By Joe McDonald and Paul Kenyon
Journal Sports Writers
BOSTON -- Jed Lowrie was working out at McCoy Stadium yesterday afternoon after the PawSox defeated the IronPigs when Pawtucket manager Ron Johnson called him into his office.
The skipper told the rookie shortstop that Red Sox third baseman Mike Lowell’s injury to his left thumb was still questionable, so Sox management wanted Lowrie to go to Fenway just in case. So, he started his drive to Boston and 10 minutes before he arrived GM Theo Epstein called and told him he would be activated.
“On the drive up there were still a lot of questions,” Lowrie admitted. “RJ told me they wanted me to be up here just in case about 10 minutes before I got here Theo called me and told me they were going to activate me, so there were some mixed emotions driving up here because there was some uncertainty whether I was going to get the opportunity or not.”
Lowrie got to Boston just in time to put on his uniform (No. 12) and make it to the dugout for game time.
“I got my first taste today and ust watching from the dugout, it’s been a dream of mine since I’ve been playing baseball," he said. "I didn’t get a chance to be in there today, but it was still awesome just to be up here.
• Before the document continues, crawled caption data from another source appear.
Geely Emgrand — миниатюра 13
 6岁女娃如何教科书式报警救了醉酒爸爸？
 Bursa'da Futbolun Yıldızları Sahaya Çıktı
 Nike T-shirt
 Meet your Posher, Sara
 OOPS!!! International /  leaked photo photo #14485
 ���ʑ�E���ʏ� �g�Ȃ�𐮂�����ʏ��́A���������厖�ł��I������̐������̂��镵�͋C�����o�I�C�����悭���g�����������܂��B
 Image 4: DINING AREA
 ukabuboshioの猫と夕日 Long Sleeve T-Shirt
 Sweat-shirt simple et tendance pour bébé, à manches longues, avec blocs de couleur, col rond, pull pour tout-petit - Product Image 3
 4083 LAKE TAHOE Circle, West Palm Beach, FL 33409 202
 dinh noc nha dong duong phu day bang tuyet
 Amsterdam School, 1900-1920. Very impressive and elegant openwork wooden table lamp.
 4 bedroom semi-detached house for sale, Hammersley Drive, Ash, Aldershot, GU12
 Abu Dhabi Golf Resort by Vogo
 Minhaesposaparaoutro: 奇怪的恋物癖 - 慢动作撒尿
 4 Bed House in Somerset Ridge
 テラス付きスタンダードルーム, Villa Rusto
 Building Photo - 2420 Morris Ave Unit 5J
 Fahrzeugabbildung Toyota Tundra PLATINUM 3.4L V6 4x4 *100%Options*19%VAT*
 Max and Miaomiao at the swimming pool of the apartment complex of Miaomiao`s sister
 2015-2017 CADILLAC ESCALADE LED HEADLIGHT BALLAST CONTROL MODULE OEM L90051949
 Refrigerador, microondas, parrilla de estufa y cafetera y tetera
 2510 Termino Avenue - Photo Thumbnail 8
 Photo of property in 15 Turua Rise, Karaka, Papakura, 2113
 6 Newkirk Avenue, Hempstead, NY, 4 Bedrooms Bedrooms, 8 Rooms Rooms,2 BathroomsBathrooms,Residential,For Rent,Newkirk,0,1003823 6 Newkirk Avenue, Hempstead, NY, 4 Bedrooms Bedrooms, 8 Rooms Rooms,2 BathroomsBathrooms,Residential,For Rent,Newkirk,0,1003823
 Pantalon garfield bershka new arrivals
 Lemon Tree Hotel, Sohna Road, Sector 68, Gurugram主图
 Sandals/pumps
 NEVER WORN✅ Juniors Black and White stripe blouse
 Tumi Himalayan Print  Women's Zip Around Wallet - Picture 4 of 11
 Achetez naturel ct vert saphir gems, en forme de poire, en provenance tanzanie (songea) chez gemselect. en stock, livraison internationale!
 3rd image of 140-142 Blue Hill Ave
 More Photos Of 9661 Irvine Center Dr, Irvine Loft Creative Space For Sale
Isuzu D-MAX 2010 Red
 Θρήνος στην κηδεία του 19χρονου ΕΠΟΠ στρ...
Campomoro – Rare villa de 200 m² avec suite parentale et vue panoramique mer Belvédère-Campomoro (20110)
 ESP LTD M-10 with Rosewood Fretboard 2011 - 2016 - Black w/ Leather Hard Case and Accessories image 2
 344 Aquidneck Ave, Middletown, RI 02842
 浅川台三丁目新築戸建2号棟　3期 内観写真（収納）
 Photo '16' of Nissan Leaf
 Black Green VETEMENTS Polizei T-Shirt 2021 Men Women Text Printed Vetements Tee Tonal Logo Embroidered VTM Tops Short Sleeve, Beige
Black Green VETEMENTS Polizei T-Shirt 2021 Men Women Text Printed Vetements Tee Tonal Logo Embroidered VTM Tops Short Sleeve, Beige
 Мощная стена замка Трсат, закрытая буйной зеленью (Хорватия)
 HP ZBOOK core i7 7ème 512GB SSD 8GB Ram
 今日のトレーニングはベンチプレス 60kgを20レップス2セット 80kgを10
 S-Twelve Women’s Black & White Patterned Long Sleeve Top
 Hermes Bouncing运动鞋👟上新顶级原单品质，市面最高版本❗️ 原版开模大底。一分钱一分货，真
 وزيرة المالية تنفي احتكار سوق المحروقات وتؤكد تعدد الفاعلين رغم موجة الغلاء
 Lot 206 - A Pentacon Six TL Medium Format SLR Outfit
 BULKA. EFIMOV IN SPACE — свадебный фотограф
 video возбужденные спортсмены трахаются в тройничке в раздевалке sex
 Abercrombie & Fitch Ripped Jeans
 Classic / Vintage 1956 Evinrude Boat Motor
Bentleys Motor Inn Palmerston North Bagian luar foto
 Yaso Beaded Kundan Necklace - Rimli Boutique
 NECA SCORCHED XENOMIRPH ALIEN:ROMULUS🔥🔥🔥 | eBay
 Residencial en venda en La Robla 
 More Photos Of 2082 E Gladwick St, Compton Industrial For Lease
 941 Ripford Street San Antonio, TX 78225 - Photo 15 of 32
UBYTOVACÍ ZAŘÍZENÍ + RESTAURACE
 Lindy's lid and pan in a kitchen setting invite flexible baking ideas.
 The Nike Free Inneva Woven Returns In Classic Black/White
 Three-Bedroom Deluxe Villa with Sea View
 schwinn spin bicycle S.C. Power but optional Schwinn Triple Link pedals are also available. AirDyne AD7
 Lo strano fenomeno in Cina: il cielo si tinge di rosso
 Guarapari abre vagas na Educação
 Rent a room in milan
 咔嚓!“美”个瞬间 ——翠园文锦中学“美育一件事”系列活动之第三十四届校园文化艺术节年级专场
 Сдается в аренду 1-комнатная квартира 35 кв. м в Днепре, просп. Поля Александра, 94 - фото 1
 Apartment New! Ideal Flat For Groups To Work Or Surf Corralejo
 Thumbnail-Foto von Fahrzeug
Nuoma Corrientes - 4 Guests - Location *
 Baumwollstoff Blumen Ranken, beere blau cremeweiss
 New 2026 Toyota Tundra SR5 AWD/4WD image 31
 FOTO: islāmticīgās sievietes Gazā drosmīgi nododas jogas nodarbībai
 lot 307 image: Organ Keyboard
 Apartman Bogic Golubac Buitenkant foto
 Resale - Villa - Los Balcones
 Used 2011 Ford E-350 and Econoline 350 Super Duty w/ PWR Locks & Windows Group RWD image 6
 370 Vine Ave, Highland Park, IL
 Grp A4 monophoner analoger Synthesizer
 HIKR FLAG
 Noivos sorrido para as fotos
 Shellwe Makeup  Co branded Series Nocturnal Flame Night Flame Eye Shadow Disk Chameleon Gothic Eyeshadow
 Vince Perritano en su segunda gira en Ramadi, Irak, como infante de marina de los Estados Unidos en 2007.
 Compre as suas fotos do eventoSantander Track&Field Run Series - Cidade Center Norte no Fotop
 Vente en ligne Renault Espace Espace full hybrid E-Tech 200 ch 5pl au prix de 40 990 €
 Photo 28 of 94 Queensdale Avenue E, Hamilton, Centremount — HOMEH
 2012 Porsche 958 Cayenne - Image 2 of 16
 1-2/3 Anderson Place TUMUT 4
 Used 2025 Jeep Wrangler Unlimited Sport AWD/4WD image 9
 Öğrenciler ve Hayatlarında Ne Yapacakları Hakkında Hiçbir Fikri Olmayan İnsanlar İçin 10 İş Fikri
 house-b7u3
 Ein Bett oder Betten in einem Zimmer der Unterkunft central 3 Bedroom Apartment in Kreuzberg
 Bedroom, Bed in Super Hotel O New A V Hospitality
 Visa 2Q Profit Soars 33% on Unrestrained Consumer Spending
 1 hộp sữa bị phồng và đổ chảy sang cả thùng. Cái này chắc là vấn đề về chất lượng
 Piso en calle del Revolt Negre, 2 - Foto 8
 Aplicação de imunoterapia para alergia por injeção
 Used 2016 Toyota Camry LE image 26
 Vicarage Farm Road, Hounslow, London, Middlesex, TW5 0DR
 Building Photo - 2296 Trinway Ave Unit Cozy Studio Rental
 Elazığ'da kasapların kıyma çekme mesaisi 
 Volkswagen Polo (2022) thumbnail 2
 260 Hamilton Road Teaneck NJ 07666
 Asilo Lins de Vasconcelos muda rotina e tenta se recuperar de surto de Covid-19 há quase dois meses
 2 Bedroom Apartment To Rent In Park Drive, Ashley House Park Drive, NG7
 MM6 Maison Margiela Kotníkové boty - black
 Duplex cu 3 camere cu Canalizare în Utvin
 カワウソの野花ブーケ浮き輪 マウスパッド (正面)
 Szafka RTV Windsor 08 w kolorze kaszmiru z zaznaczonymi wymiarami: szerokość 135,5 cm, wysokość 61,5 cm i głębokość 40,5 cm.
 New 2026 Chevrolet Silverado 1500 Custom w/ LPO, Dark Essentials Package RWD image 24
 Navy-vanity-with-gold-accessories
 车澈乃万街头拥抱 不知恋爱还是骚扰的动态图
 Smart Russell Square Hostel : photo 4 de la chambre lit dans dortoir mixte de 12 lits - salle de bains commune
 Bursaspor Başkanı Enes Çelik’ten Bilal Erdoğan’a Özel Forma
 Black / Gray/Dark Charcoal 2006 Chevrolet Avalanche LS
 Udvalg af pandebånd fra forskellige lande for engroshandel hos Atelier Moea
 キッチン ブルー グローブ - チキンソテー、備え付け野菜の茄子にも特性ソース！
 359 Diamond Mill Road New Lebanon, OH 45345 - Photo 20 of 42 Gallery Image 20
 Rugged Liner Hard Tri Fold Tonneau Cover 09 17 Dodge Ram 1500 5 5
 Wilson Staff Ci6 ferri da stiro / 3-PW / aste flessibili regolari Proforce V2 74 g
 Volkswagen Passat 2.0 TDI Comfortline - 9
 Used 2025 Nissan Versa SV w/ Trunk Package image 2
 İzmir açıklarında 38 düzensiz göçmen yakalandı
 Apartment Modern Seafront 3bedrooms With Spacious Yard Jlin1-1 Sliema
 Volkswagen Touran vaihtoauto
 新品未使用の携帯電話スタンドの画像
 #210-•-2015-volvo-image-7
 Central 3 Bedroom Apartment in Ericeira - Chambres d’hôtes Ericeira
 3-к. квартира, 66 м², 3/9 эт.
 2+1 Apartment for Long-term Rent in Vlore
Just the opportunity to help this team would be pretty awesome.”
Lowrie is versatile and can play second, short and third.
He was given a ton of playing time during spring training due to Julio Lugo’s back injury. Lowrie proved during camp that he can be an everyday shortstop at the big-league level, and with a couple of different options in Pawtucket – veterans Joe Thurston and Keith Ginter – Red Sox management decided to go with the rookie.
What’s interesting about Lowrie’s major-league debut is the fact that Boston’s top four selections in the 2005 draft have all reached the big leagues, including outfielder Jacoby Ellsbury (23rd overall), pitcher Craig Hansen (26th overall) and pitcher Clay Buchholz (42nd overall).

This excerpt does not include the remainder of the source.